Makomanai Takino Cemetery is one of the largest in the country; 180 hectares of death and flowers. As I stroll through the many interconnected burial areas, I pass by multiple funeral processions in progress, and my thoughts turn to death.

Endless rows of gravestones stretch across Makomanai Takino Cemetery—flowers, silence, and summer wind.

I pass a row of graves with the kanji worn away, lost to time, like everything else. I begin to wonder what memory becomes when the last person who remembers it is gone. When even the names are unreadable.

And for a while,
there is no past.
No next.
Only this.

The moment stretches, fragile and full of forgetting.

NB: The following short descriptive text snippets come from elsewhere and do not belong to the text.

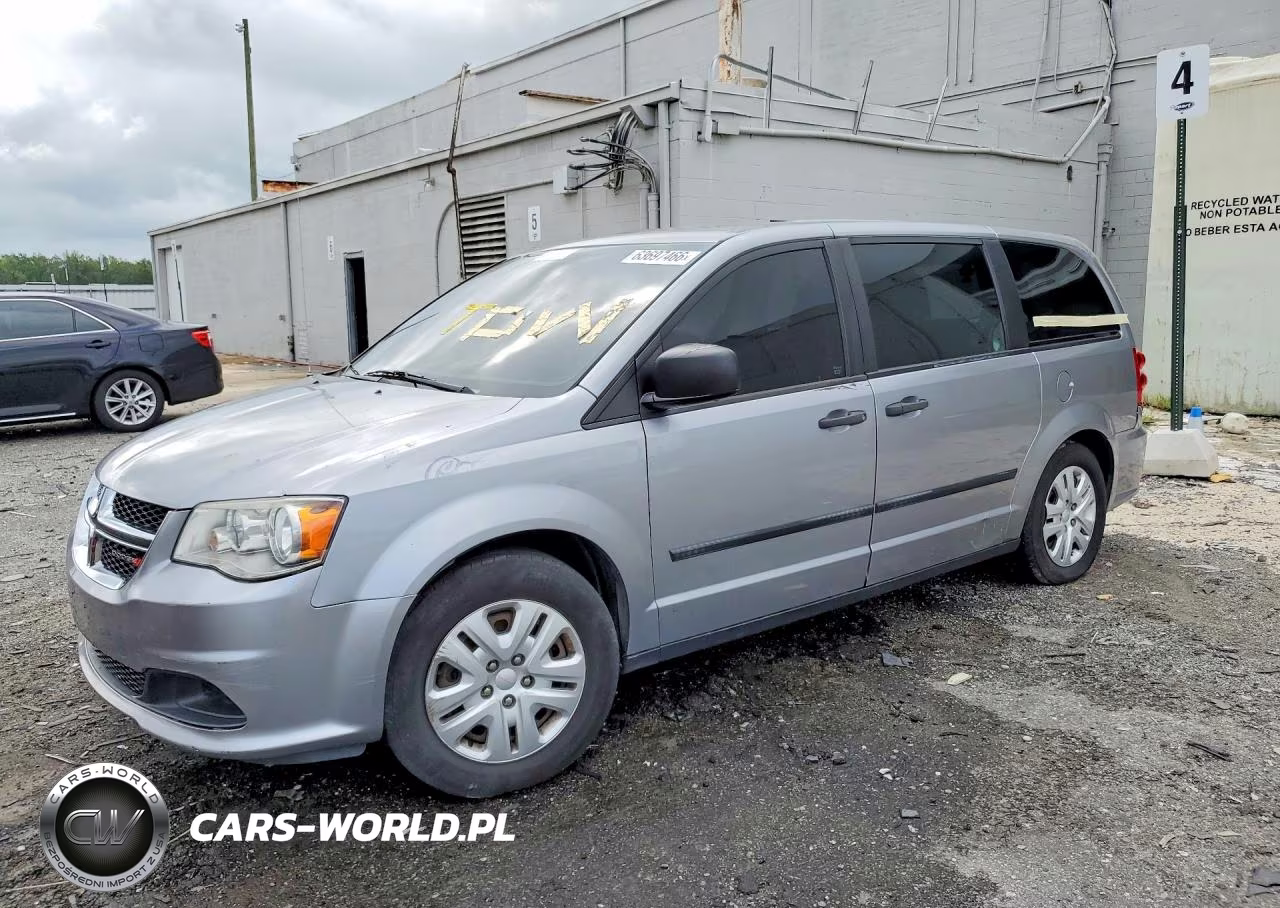 2016 Dodge Grand Caravan Se – zdjęcie 1 z 13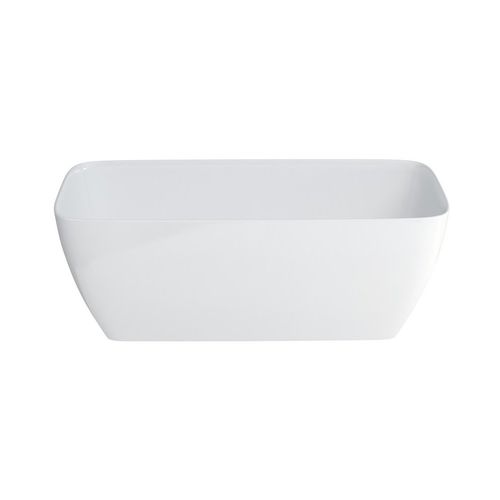 Отдельностоящая ванна - VICENZA PETITE - Clearwater Baths - из композита / белая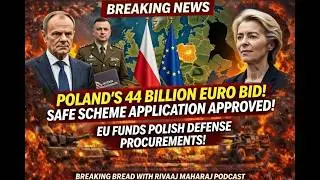 &euro;44 BILLION EU DEBT BOMB! Poland&rsquo;s Opposition Rages: &ldquo;Tusk Sold Us to Brussels!&rdquo; 🇵🇱💥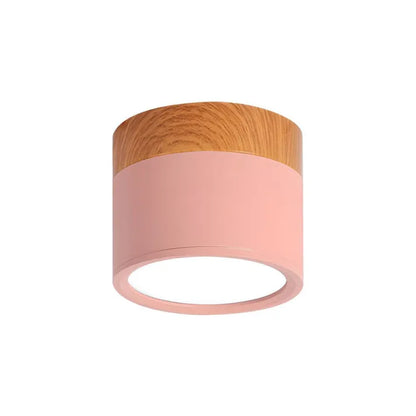Garduru Zylinder LED Deckenleuchte – Minimalistische Einbauleuchte für moderne Flure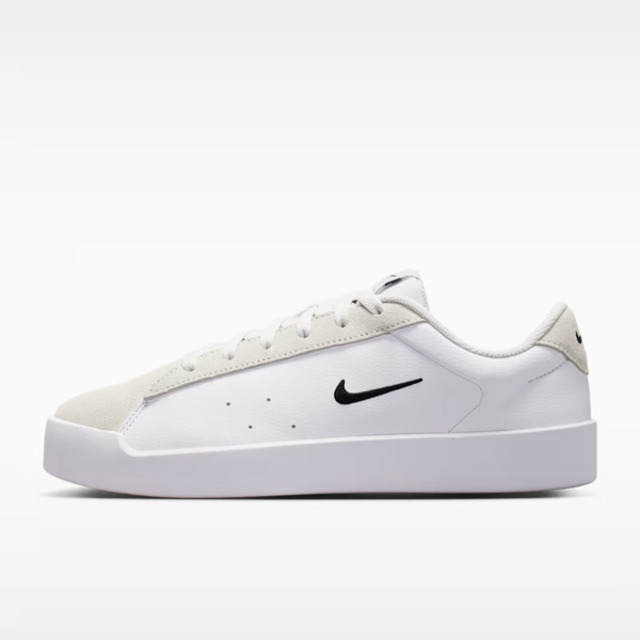 NIKE 耐吉 Nike 耐吉 W Court Heritage MS IM7529-101 女 休閒鞋 板鞋 皮革 復古鞋 白黑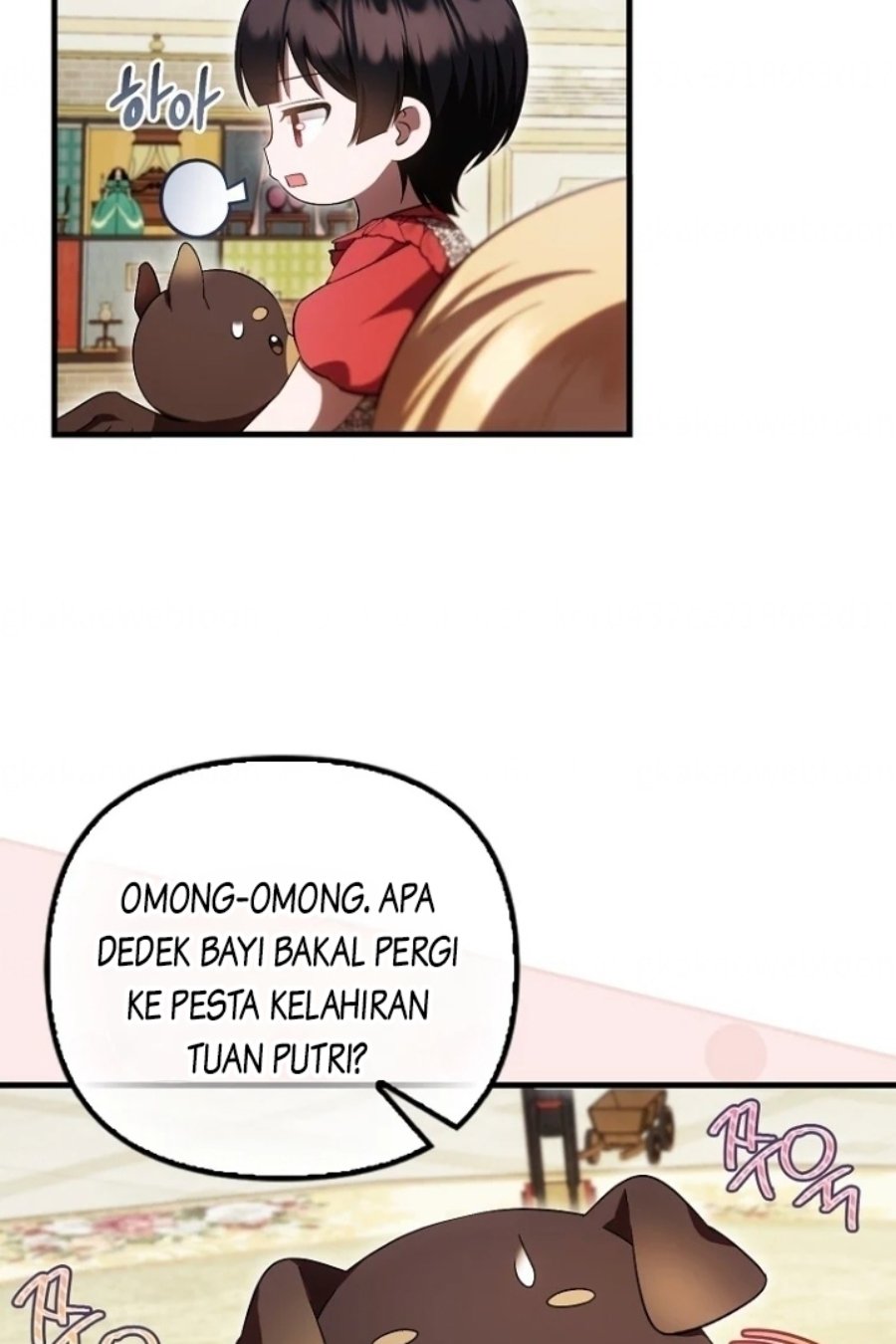 First Time As A Loved Youngest Child Chapter 41 Halaman 67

A weathered gravestone with no visible name—time and memory eroded in Makomanai Takino Cemetery.

Then a memory.
Then not even that.
Then a stone.
Then not even that.

The Curious Case of Chocolate Button

My day begins with a visit to a chocolate factory. Luckily, this chocolate factory is more a museum of chocolate facts than a factory made of chocolate, which, in 30-degree heat, would be somewhat messy. I’m still in Hokkaido, so while it’s hot, the humidity is reasonably low.

Today marks the 30th anniversary of Shiroi Koibito Park, a chocolate-themed factory with gardens. The translation of the name is unusual and means White Lover Park. However, the word for dwarf is the similarly spelt kobito, meaning little person, and has been named that way as a cheap pun which we’ll see later.

Entering the park, I buy a ticket (not golden), and receive a small wrapped square containing the exact chocolate that this factory makes; a bit of a spoiler, giving me the final product at the entrance. Inside, everything smells faintly of white chocolate and mild concern. There are a lot of stairs, the sound of cats meowing through speakers, and a room full of video screens telling the story of the factory.

In the quirkily named Time Travel Room, we learn about how this chocolate came about. One of the screens checks to make sure we’ve all been paying attention by offering up a quiz question answered by show of hands. The question is: What is added to chocolate to make it sweet? a) Powdered Milk, b) Powdered Cheese, or c) Powdered Snow?

“Hands up if you said powdered cheese?” says the woman running the tour, as she looks around rather confused. “Nobody said cheese??? How about snow?” It turns out I wasn’t paying attention, but still managed to correctly guess that chocolate can be sweetened by adding powdered milk. Next, we follow some cat prints on the floor up some more steps to the factory.

The factory floor is impressive, fully operational, and producing just one product: cookies. There is a counter that displays how many of each product has been produced today: 33,645 Shiroi Koibito cookies; 0 Baumkuchen cakes. I suppose they are using the lack of cakes as a comparison.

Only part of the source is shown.